At age 17, I processed peas and sweet corn 12 hours a day for the Jolly Green Giant. In the late ’60s, this emerald mascot was a national celebrity, thanks to lighthearted TV ads often seen on “The Tonight Show” and other popular broadcasts.

The Giant was portrayed as nature’s benevolent bodyguard who mentored his tiny protege, Sprout. So I expected merry workdays filled with ho, ho, ho’s. What I got was Cannery Row.

This was a worm’s eye view of America’s corporate food industry. The processing plant relied on a small army of Mexican migrant workers along with local laborers to handle the harvests. Although essential to the operation, factory workers seemed virtually invisible to management executives who occasionally toured the noisy plant. Unlike their affable corporate mascot, these fellows were anything but jolly.
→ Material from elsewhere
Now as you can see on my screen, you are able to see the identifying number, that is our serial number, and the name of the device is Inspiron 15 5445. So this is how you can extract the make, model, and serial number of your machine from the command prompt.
Like infants distracted by shiny objects, the “suits” seemed hypnotized by the non-stop parade of flash-frozen yellow Niblets or sweet peas on the conveyor belts. But workers never saw any nods of encouragement, weak smiles or heard a single ho-ho-ho. It was like laboring for grim, humorless undertakers and we were faceless, interchangeable human Dixie cups.

That was when I had two proletarian epiphanies about corporate life: 1. Product was everything and deadly serious. 2. Idyllic or funny advertising images in no way reflect the realities of factory life

Butterball flashbacks
Green Giant was an earthly Eden compared to my subsequent job at a Butterball turkey plant. The kill floor where I worked was a bloody, feathered bedlam where hundreds of squawking birds were dispatched daily, hung on hooks and sent on toward eventual Butterballdom.

People are endowed with innate skills and aptitudes. Odds are that today’s nimble-minded, grade-school math whiz may manage your retirement portfolio in a couple decades. (Good luck with that.) My major talent? Yanking lungs out of freshly killed fowl.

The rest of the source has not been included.